By mid-century, both versions of liberalism—Dewey’s as well as Hayek’s—had, for better or worse, become “the American creed.” As Lionel Trilling remarked in the preface to The Liberal Imagination (1950), liberalism in the United States had become “not only the dominant but even the sole intellectual tradition.”
From the beginning, liberalism was a highly contentious concept. As they do today, its critics claimed that it destroyed religion, the family, and the community: it was morally lax and hedonistic. Defenders were just as emphatic; to them it stood for freedom, equality, and the public good. But liberals often disagreed about how to translate these principles into practice. How broad should the franchise be? Which freedoms should be guaranteed? And what should the role of government be in the economy?
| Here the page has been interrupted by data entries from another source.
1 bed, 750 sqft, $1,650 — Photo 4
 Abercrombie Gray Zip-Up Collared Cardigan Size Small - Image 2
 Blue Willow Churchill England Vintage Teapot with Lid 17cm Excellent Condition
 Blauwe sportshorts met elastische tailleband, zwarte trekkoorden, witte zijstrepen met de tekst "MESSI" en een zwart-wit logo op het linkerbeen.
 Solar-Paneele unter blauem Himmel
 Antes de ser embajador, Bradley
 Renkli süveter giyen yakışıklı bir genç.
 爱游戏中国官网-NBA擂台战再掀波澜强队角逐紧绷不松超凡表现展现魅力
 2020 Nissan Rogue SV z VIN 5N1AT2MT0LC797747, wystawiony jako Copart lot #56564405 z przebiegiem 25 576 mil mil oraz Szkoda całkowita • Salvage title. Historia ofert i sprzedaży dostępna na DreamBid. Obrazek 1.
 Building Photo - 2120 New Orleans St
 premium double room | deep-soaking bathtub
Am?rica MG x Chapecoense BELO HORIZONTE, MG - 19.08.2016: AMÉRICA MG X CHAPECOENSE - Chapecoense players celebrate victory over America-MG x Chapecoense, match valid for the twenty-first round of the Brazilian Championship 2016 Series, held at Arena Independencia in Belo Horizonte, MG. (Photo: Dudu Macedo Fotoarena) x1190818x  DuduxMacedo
The predicament faced by today’s Democrats is therefore not a new one. History tells us that liberals have always been known by different names as they responded to new political and social circumstances. Some have called themselves “progressive,” while others have preferred “socialist.” The boundaries between these terms have been porous, their meanings changeable. If there is a moral to be drawn from this history, it is that even where they argued over the meaning of “true liberalism,” liberals were strongest when they found common ground—especially in the face of authoritarian rulers and demagogues. The 2018 U.S. midterm elections will put that pattern to the test once again.